Durante mucho tiempo pensé en despedirme, pero, ¿cómo hacerlo, si mis padres necesitaban el dinero, si yo misma también lo necesitaba para tomarme un simple café o hacer unas fotocopias? Y aguanté, mucho. Más de lo que debería haber aguantado. Hasta que el padre comenzó a faltarme al respeto de la peor manera, haciéndome encerronas, espiándome para saber si llegaba puntual (jamás he llegado más tarde de las 4 y media), y recriminándome cualquier falta de su hijo que consideraba como mía propia. Llegó a ingeniárselas para echarme sin comunicármelo, haciendo que otra chica fuera a trabajar allí sin decírmelo previamente a mi. Menos mal que otro muchacho que le da clases al hermano pequeño me ayudó, y finalmente nadie me echó. Sin embargo, aquello fue demasiado. Sentí que mi esfuerzo de tantos meses no había servido para nada, porque este señor era incapaz de reconocerlo. Para él yo no soy una persona, sino un robot autómata al que le paga por cumplir sus órdenes. Y no. Soy una chica normal, con sentimientos y con problemas personales, que siempre ha tratado de dar lo mejor de si misma, que se ha dejado la piel en la enseñanza de sus hijos.

Por eso, ayer mismo tomé la decisión de irme, y hoy me he despedido de los muchachos. La verdad es que me ha dado penita, porque ellos no tienen la culpa de que su padre sea así. Ojalá algún día comprendan el valor del esfuerzo, y que el dinero no lo es todo en esta vida, que hay cosas mucho más importantes, como el cariño, el respeto y la superación personal. Que mil camisetas Nike ni chorrocientas videoconsolas superan la satisfacción que se siente al ver que has aprobado ese examen tan difícil... que, finalmente, lo has conseguido.
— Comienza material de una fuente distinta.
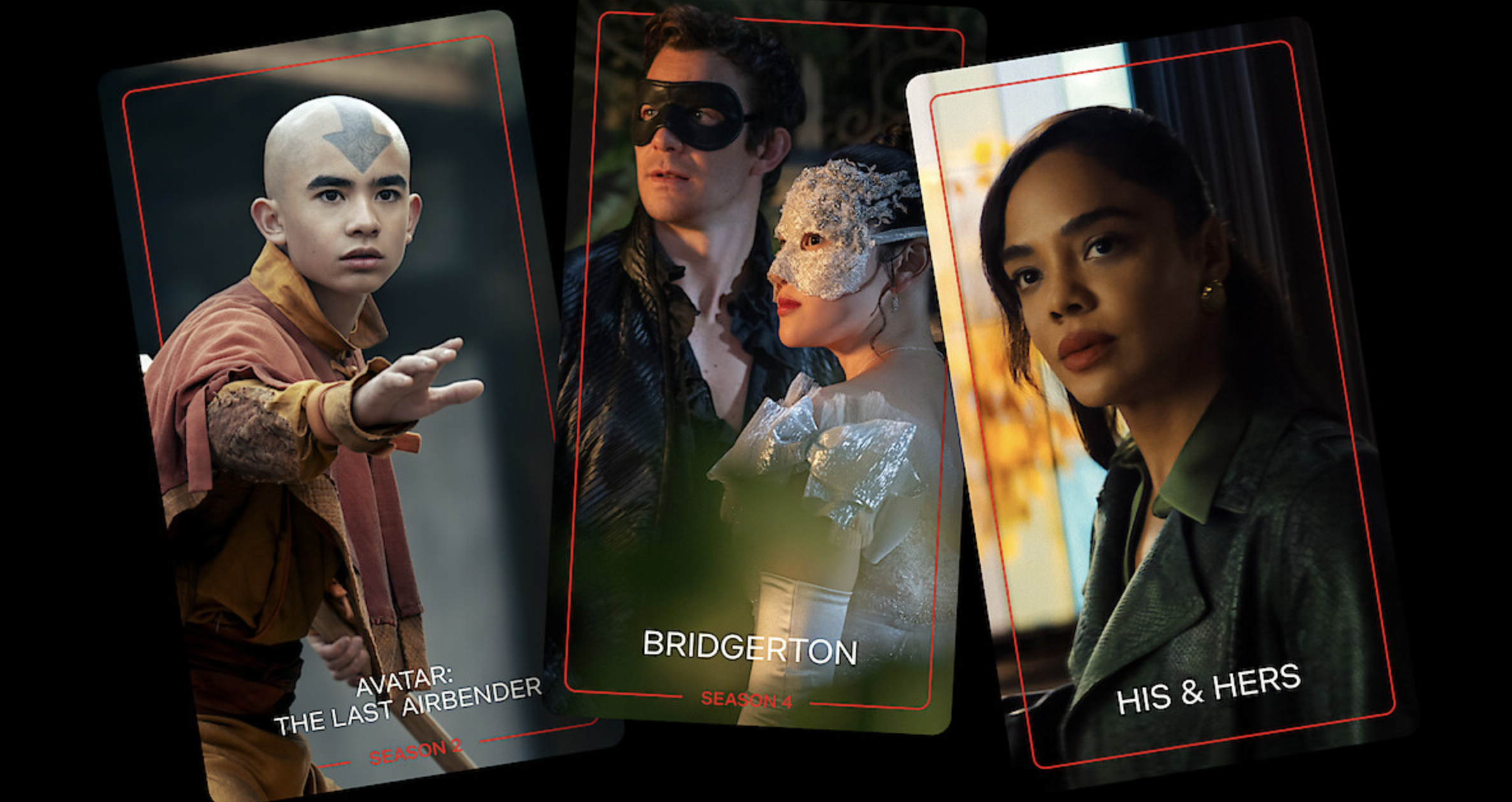 The Best Netflix Series of 2026: A Comprehensive Guide to Must Watch Shows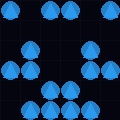 94.136.30.214
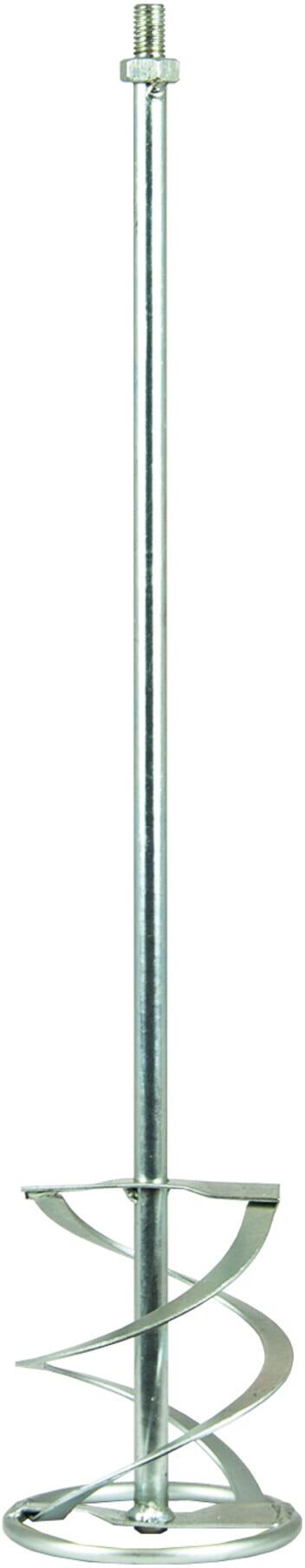 Eibenstock Wendelrührer WG 120 (Schutzring) (31224000)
Puede que mañana mismo se olviden de mi, porque llegará otra pobre muchacha a la que su padre machacará diariamente para que cumpla sus órdenes. Y de veras que lo siento, tanto por los niños como por ella, pero yo ya estoy fuera de este circo. Afortunadamente, no todo ha sido negativo. La relación entre mi alumno y yo ha mejorado considerablemente desde ese primer día en el que no sabíamos muy bien cómo comportarnos, y la experiencia que he adquirido dando clases durante todos estos meses, de lunes a domingo en muchas ocasiones, no me la quita nadie. Ahora me veo más madura, más segura de mí misma y más experimentada. Además, hoy, precisamente hoy, "mi niño" me ha dicho que -¡por fin!- ha aprobado Sociales. Y lo mejor de todo es que lo ha conseguido él solo, porque ha aprendido todo lo que le he enseñado durante este tiempo: él solito se ha sentado a estudiar, ha preparado sus resúmenes y se ha comido ese examen. El progreso que ha experimentado durante este tiempo ha sido muy grande, y el esfuerzo de ambos ha merecido la pena. La satisfacción que siento después de todo es inmensa... y prefiero quedarme con eso. Quizás eso de ser profesora no sea tan horrible, al fin y al cabo. Pero eso de tratar con los padres... ¡peligro! Hay de todo ahí fuera.

No puedo decir que haya sido un placer trabajar con esta gente, pero de lo que sí estoy segura es que, aunque dura, ha sido una experiencia muy importante en mi vida que nunca olvidaré. De eso, padre de mi alumno... puedes estar seguro.